Ramainya pasar dan pusat perbelanjaan menjelang Idulfitri membuat kita marah dan mempertanyakan kembali kepatuhan masyarakat terhadap pelaksanaan pembatasan sosial berskala besar (PSBB). Kita yang jengkel lantas menggerutu sambil bertanya, “Apa
sih yang ada di pikiran mereka? Apa mereka tidak sadar bahwa kegiatan mereka tidak hanya mengancam diri mereka sendiri tapi juga orang lain?”

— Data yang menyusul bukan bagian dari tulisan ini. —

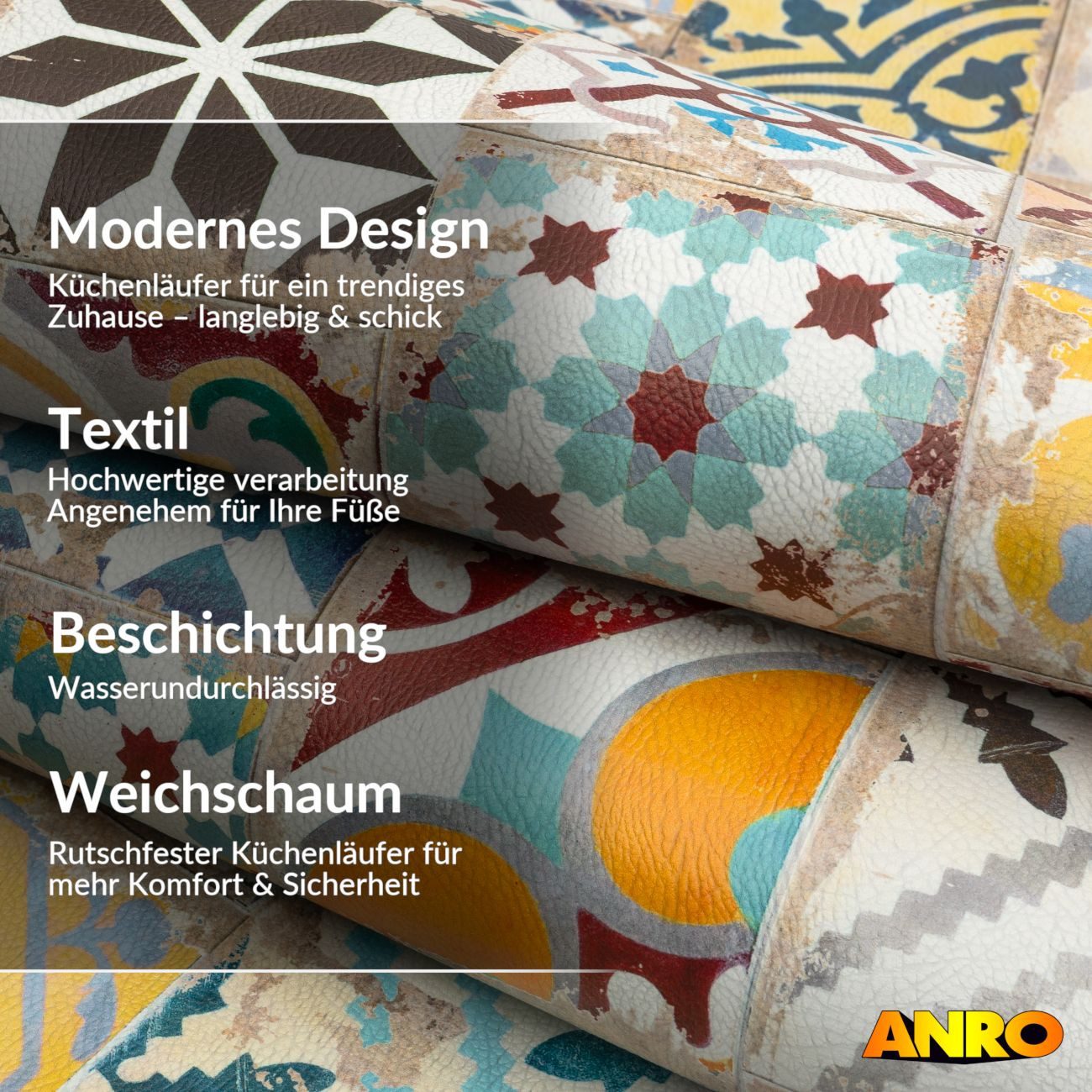 ANRO Küchenläufer abwaschbar Fliesenmix LADY Läufer pflegeleicht Küchenteppich, Rechteckig, Höhe: 3 mm, robust schmutzabweisend 67x180cm Oriental Bunt robust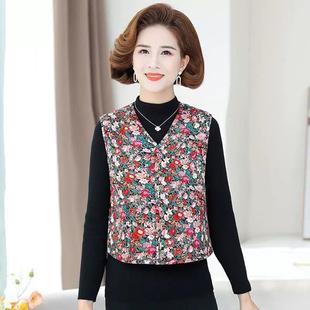 秋冬花棉袄女士马夹坎肩加厚贴身保暖背心中老年人冬季 奶奶驼绒棉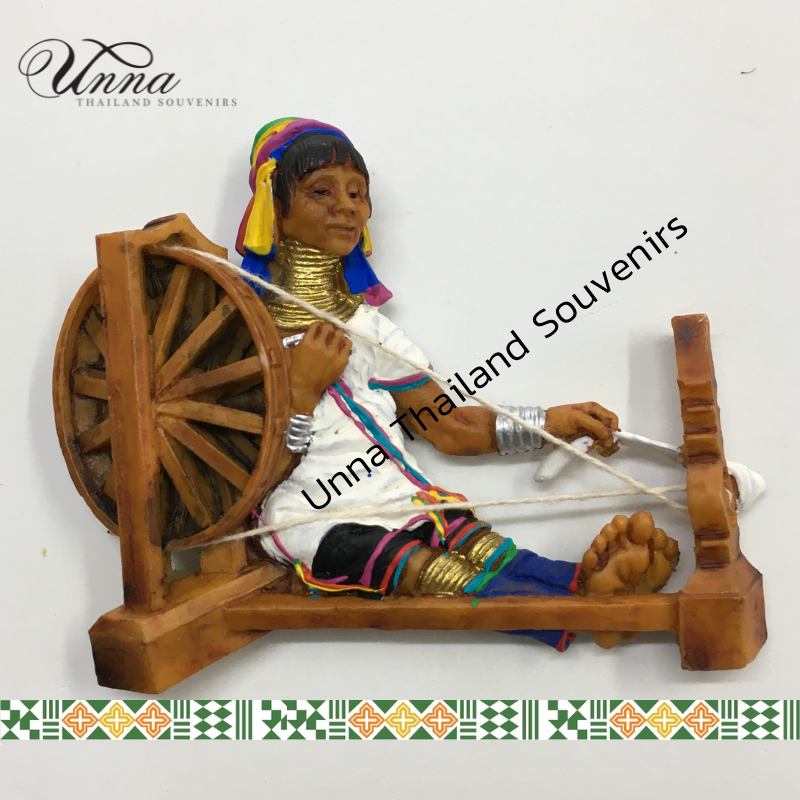 ของที่ระลึกไทย แม่เหล็กติดตู้เย็น กะเหรี่ยงคอยาว ใช้ติดตู้เย็น Souvenir magnet hill tribe resin hand painted home decoration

Pertanyaan ini muncul karena kita berasumsi bahwa seseorang atau kelompok tidak bertingkah laku tertentu karena mereka belum sadar tentang konsekuensi atau cara yang lebih benar, dan edukasi bisa memperbaikinya. Menurut kami asumsi ini keliru. Sebagai perusahaan yang telah menangani berbagai kampanye perubahan perilaku, menurut kami di Communication for Change kesadaran dan pemahaman (yang menjadi tujuan edukasi) hanyalah elemen kecil untuk mendorong perubahan perilaku.
Untuk berbagi pemahaman ini, kami menyelenggarakan sesi webinar untuk umum minggu lalu (20 Mei 2020). Artikel ini merangkum poin-poin diskusi yang telah kami bahas.
Mari kita berkaca dari perilaku kita sendiriTahukah Anda bahwa kita perlu
berolahraga minimal 150 menit setiap minggu untuk mencegah penyakit-penyakit degeneratif seperti diabetes dan penyakit kardiovaskular? Sekarang, coba jujur pada diri Anda sendiri: sudahkah Anda berolahraga dengan memenuhi jumlah waktu minimal tersebut? Beberapa data menunjukkan bahwa hanya sebagian kecil orang Indonesia di atas usia 17 tahun yang punya kebiasaan ini.
Mari kita fokus pada kebiasaan merokok untuk sesi ini. Perokok kemungkinan besar tahu bahwa
merokok membawa banyak risiko penyakit. Lantas, mengapa masih banyak orang yang merokok di Indonesia? Dalam konteks yang akan kita bahas, mengapa masih banyak anak berusia di bawah 17 tahun yang akhirnya mulai merokok (dan lantas menjadi kebiasaan)?
The Tobacco Atlas menyebutkan bahwa Indonesia adalah
negara peringkat ketiga dengan jumlah perokok terbesar di dunia dan 41% remaja laki-laki usia 13–15 tahun adalah perokok.